This is effectively not an argument against fork(2) (although it's an expensive route to the same solution offered by threads), but rather against scaling models that will block an entire OS process for the sake of a single request.
leveraging shared memory and other operating system tools, you can turn a fork(2) implementation into a thread alternative -- but then, you'd have ... threads
There's an important difference: in the threading model, all memory is shared by default, whereas in the processes + shm model, you need to explicitly allocate and access shared memory regions. Because sharing mutable state is such an important design consideration, being explicit about what is being shared improves reliability by reducing the chance of unintentional sharing. A related benefit is that processes are protected from one another by the virtual memory mechanism: it is much more feasible for a service to recover from a crashed process than to recover from a crashed thread (which typically takes down the entire process).
Threads are a 'nice extra' for Erlang. They're definitely a plus, no arguments there, but in your M:N mapping, N is fixed at the number of CPU's in the system. So if you have one CPU, Erlang doesn't really use threads at all, and yet it is still very scalable. The scalability on our one-CPU system comes from being able to use a nice, compact, select/poll based system and keep everything in one OS process, without spawning additional threads or OS processes.
So, threads are really just an optimized case of launching N Erlang vm's, where N is the number of processes, and splitting the work between them. They were a late addition to the language too - this only happened several years ago, if I recall correctly.
In other words, threads are a nice boost to Erlang, but not really the secret to its success.
In other words, threads are a nice boost to Erlang, but not really the secret to its success.
I think you missed my meaning. On FreeBSD 4.x and Linux 2.0.x, threads were implemented entirely in user-space. They didn't allow for true concurrent execution of multiple threads on multiple CPUs, but they were still very much threads.
Likewise, erlang's lightweight processes are exactly the same -- threads. The fact that they can be modeled to arbitrary numbers of operating system threads is irrelevant to the nature of the model -- one in which execution of a thread can proceed independently of others, implemented via context switching of execution state across those threads, able to access shared state.
However, in the fork model as described in the original article, processes are the only form of concurrency. A blocked request will, in turn, block a process, and unlike threads, far fewer processes may be run concurrently due to their significantly increased resource constraints. Furthermore, those processes are much more limited in their ability to implement low-cost inter-thread communication via shared mutable state.
If the processes actually relied on their own internal M:N scheduled green threads, then at least that part of the concurrency problem would be (mostly) solved, and fewer processes would be required. IPC is still an issue, and of course, there's the multi-decade demonstration of the high difficulty in implementing a 'performant' general-purpose M:N scheduled thread system.

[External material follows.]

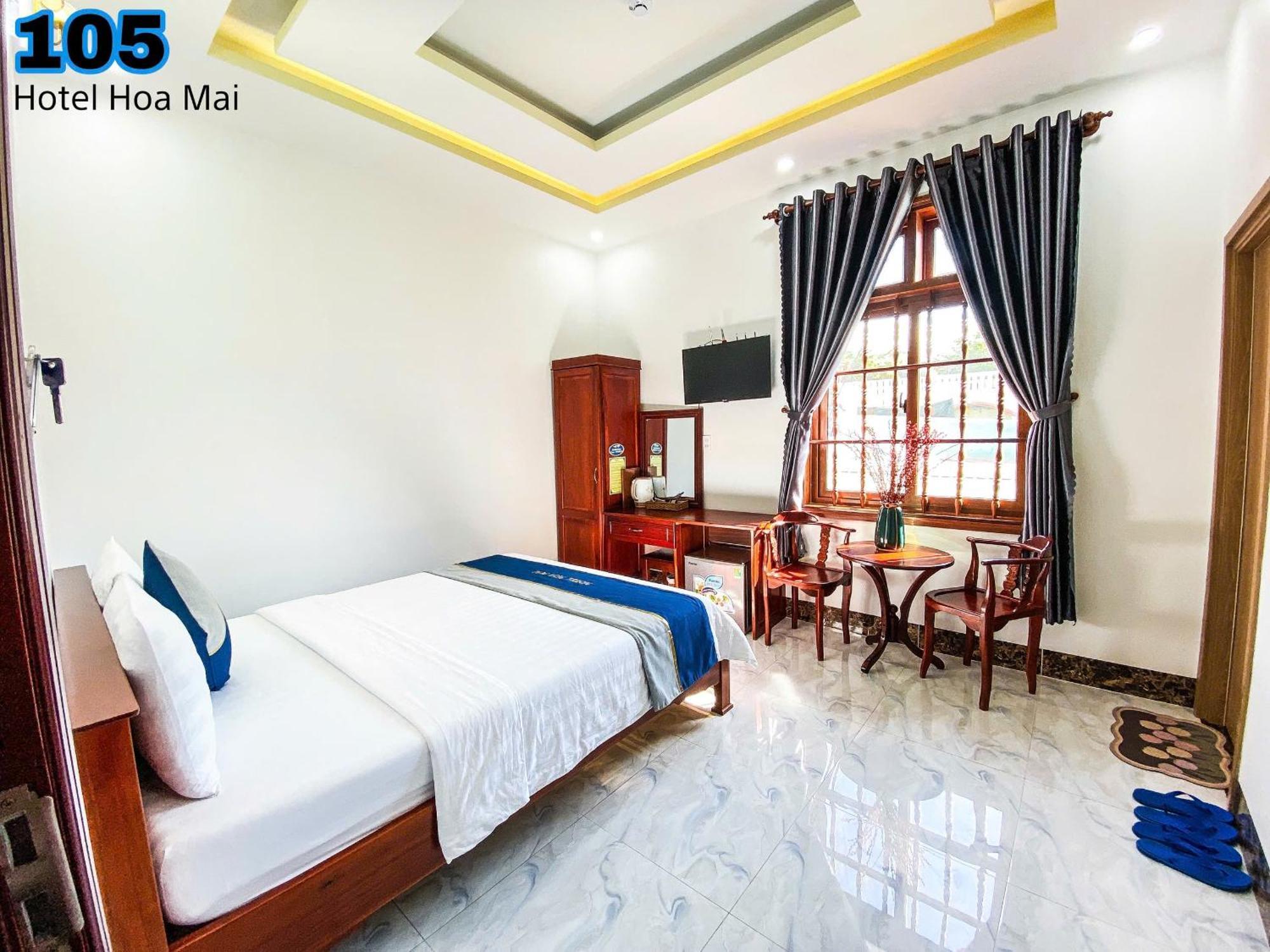 Hotel Hoa Mai CON DAO Esterno foto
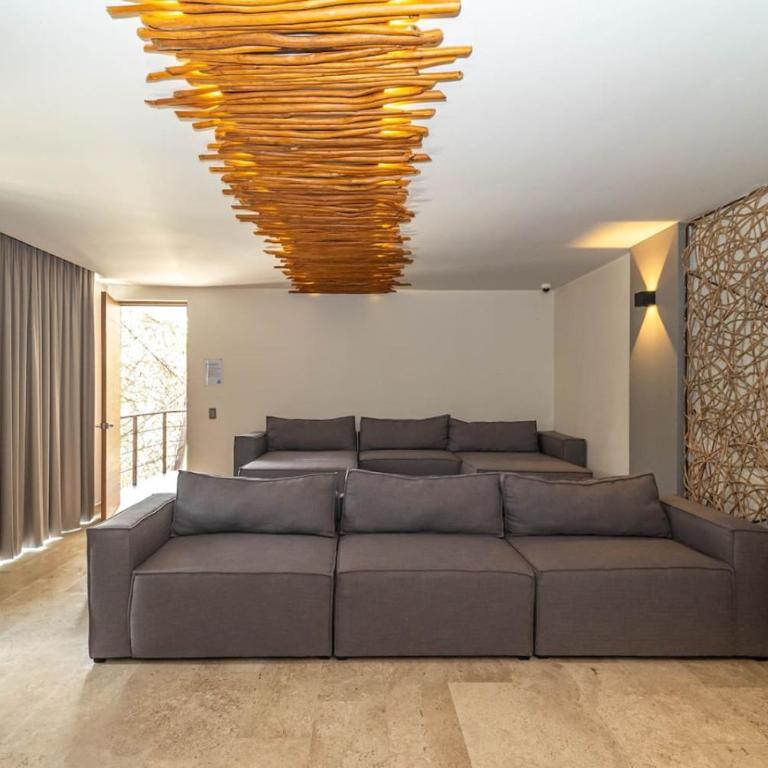2 BR with Direct Walk-out to Pool, Sauna, and Gym - Apartment - 45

> Likewise, erlang's lightweight processes are exactly the same -- threads. The fact that they can be modeled to arbitrary numbers of operating system threads is irrelevant to the nature of the model -- one in which execution of a thread can proceed independently of others, implemented via context switching of execution state across those threads, able to access shared state.
From Wikipedia:
> The Erlang virtual machine has what might be called 'green processes' - they are like operating system processes (they do not share state like threads do) but are implemented within the Erlang Run Time System (erts). These are sometimes (erroneously) cited as 'green threads'.
Going back to Ruby, sure, threads might be theoretically better than processes, but in practical terms, other things are the real bottleneck, so it ends up not really mattering that much.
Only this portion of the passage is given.